[Scraped caption text data]
BEGIN
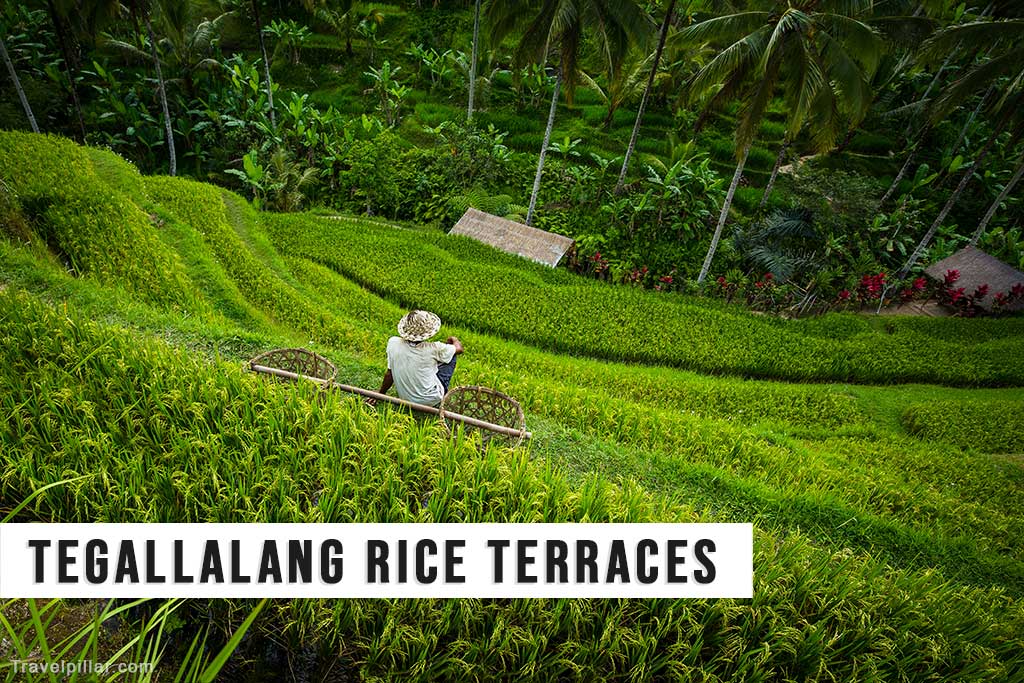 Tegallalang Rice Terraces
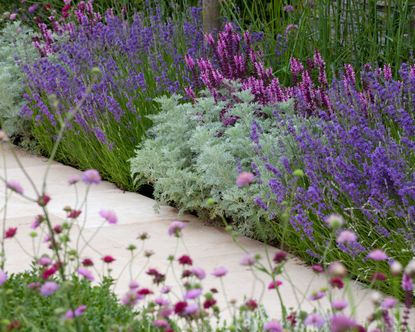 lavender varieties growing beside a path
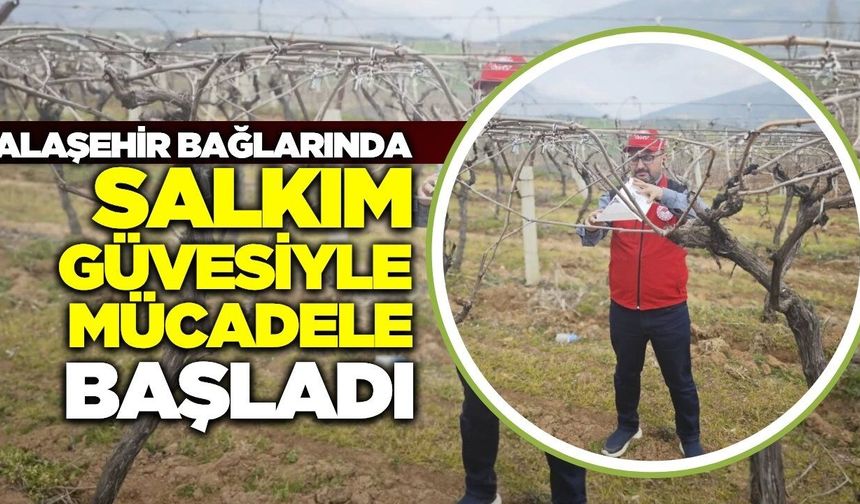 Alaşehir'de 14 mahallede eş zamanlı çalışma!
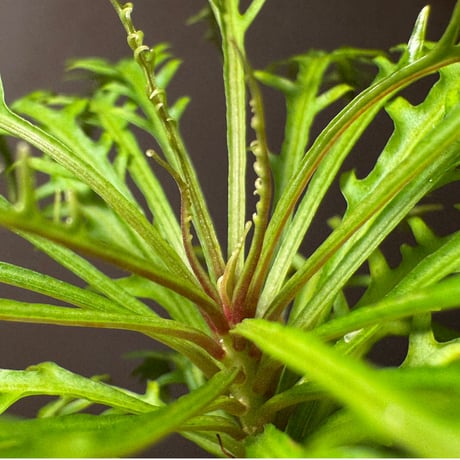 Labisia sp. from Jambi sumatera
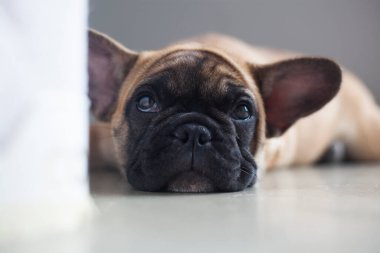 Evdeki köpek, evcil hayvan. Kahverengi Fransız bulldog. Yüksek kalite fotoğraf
END
- Work request: Could you write out the records again exactly, without any of their pictures?

- Task solution:
 Tegallalang Rice Terraces
 lavender varieties growing beside a path
 Alaşehir'de 14 mahallede eş zamanlı çalışma!
 Labisia sp. from Jambi sumatera
 Evdeki köpek, evcil hayvan. Kahverengi Fransız bulldog. Yüksek kalite fotoğraf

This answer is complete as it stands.